- [WHAT THE TASK REQUIRES]:
Extract the lines up to and including the one that contains "VT license plate XTY884", starting with the first line of the entries below, and omit the pictures.

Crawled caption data
════════════════

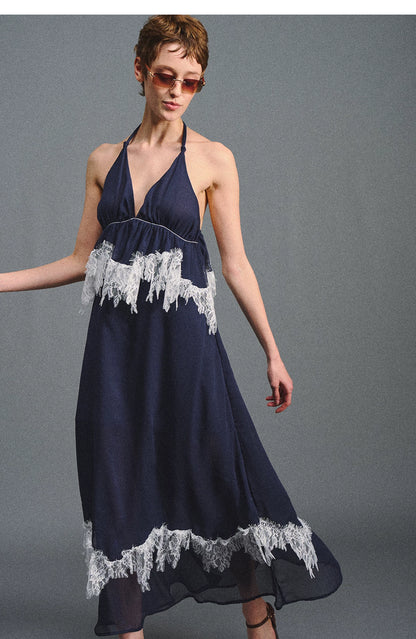 Deep V Halter Maxi Dress in Serene Blue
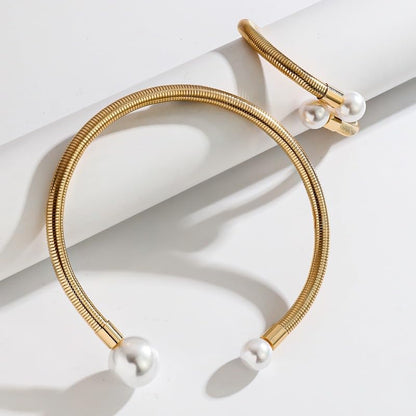 Round Teardrop Necklace Bracelet Ring Jewelry Set Gold Plated Chunky Statement Jewelry Set for Women Simple Elegant Jewelry - color: goldB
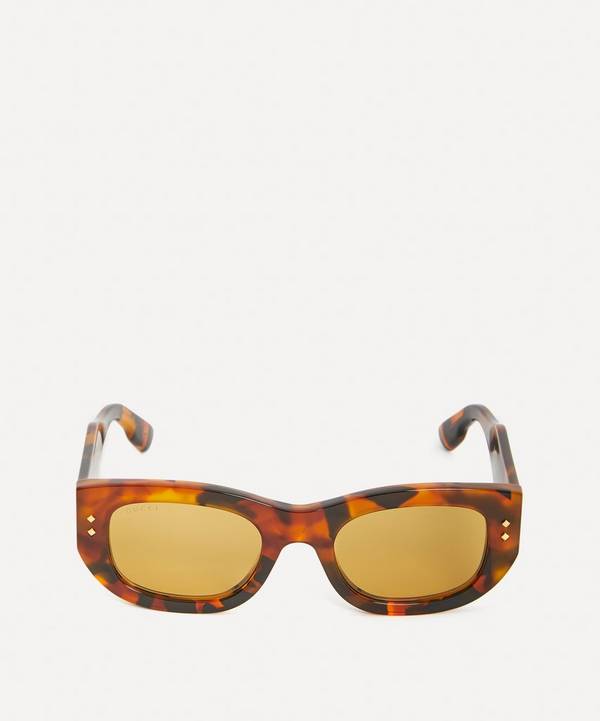 Gucci - Rectangular Frame Tortoiseshell Sunglasses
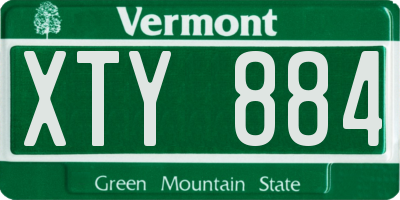VT license plate XTY884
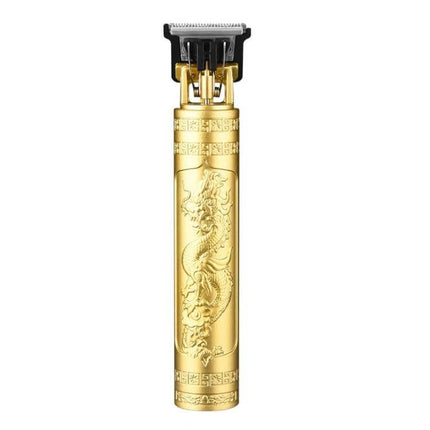 Electrical Haircut Pusher For Home Use With Buddha Head Design gold rechargeable trimmer with dragon engraving, 0.1mm ultra-short tooth pitch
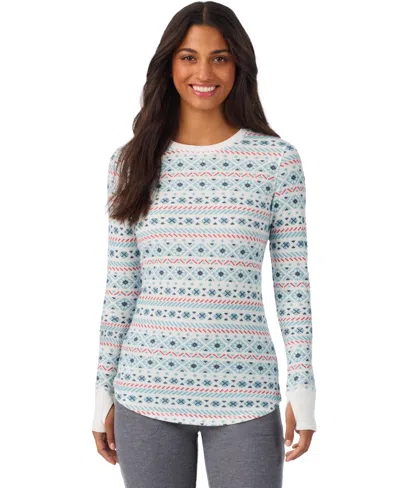 Cuddl Duds Women's Waffle-knit Thermal Stretch Long-sleeve Crew-neck Top In Ivory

════════════════

- [TASK RESPONSE]:
 Deep V Halter Maxi Dress in Serene Blue
 Round Teardrop Necklace Bracelet Ring Jewelry Set Gold Plated Chunky Statement Jewelry Set for Women Simple Elegant Jewelry - color: goldB
 Gucci - Rectangular Frame Tortoiseshell Sunglasses
VT license plate XTY884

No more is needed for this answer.